DATASET CONTENT →
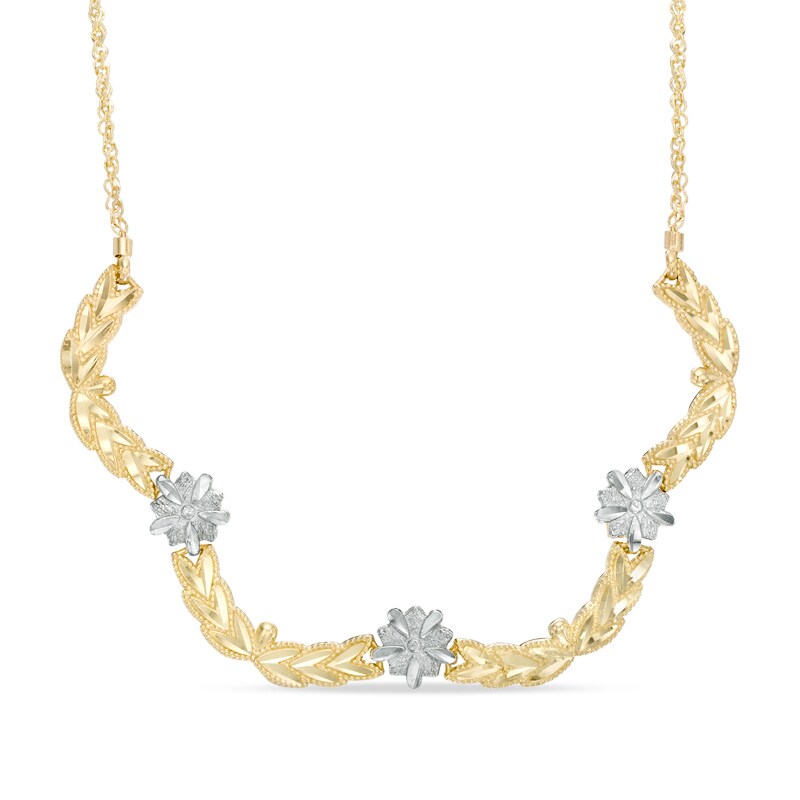 Main Image 1 of Laurel Leaf Wave Necklace in 10K Two-Tone Gold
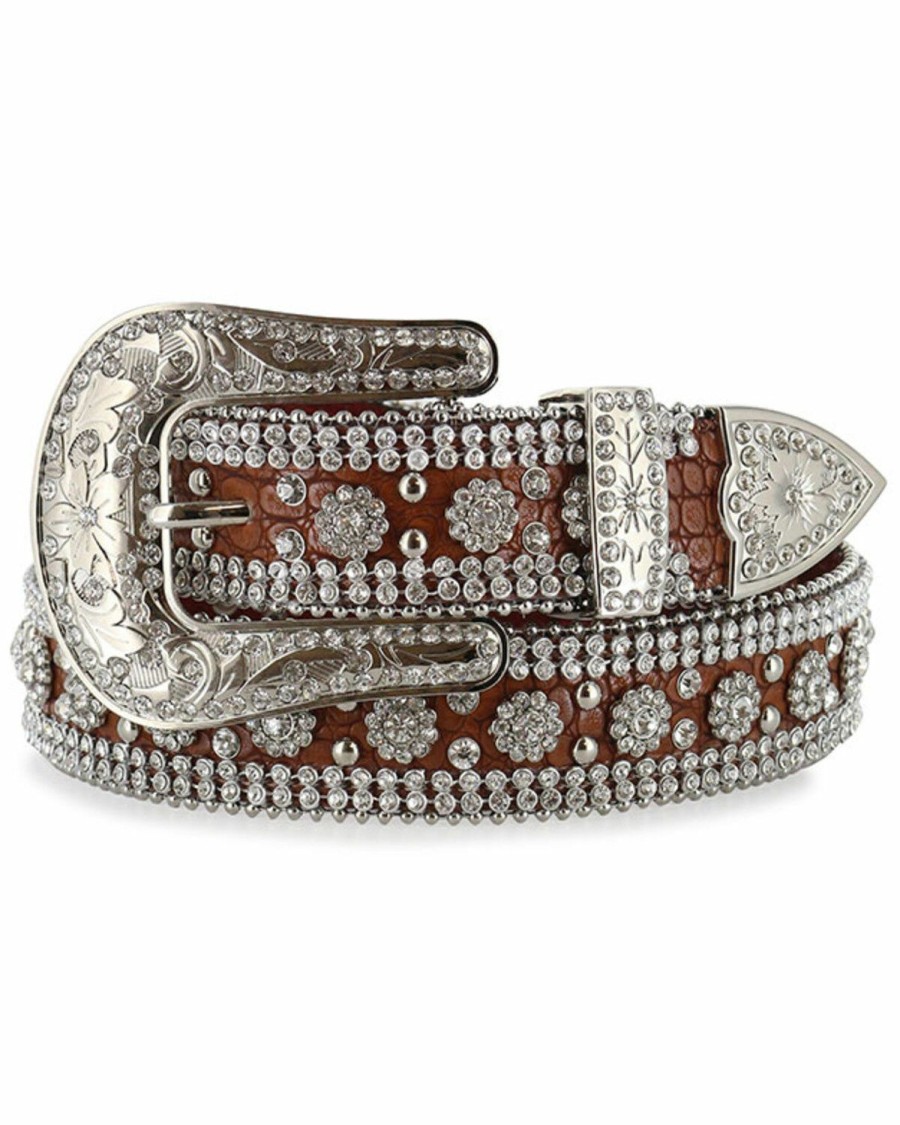 Women * | Shyanne New Angel Ranch Women'S Rhinestone Faux Gator Belt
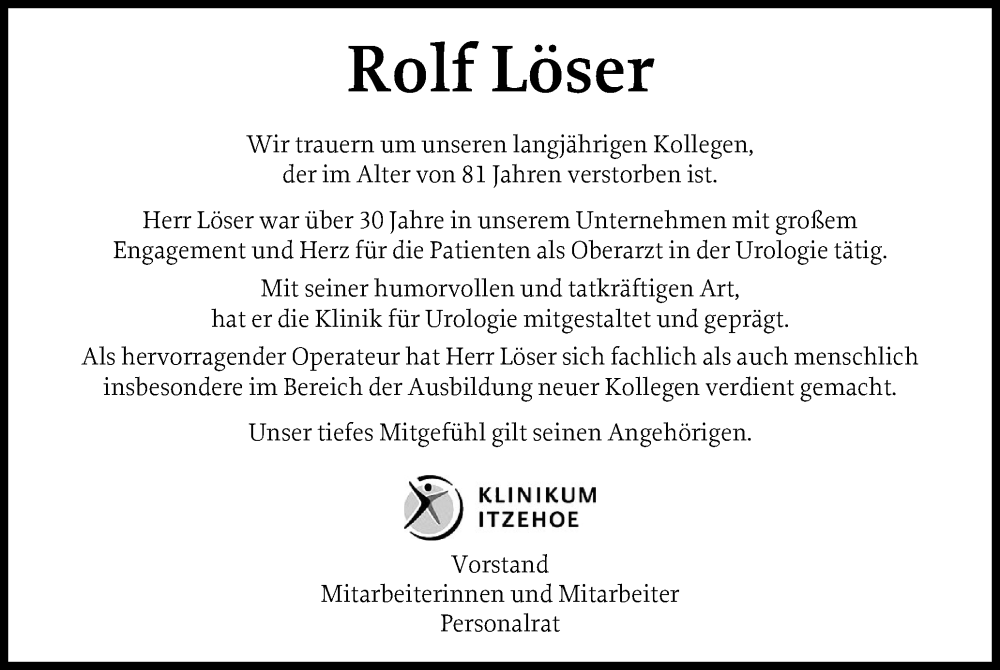  Traueranzeige für Rolf Löser vom 04.10.2025 aus Norddeutsche Rundschau, Wilstersche Zeitung, Glückstädter Fortuna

TASK → What is needed is every line of the data above, set down exactly but with the images left out.

EXERCISE ANSWER →
 Main Image 1 of Laurel Leaf Wave Necklace in 10K Two-Tone Gold
 Women * | Shyanne New Angel Ranch Women'S Rhinestone Faux Gator Belt
  Traueranzeige für Rolf Löser vom 04.10.2025 aus Norddeutsche Rundschau, Wilstersche Zeitung, Glückstädter Fortuna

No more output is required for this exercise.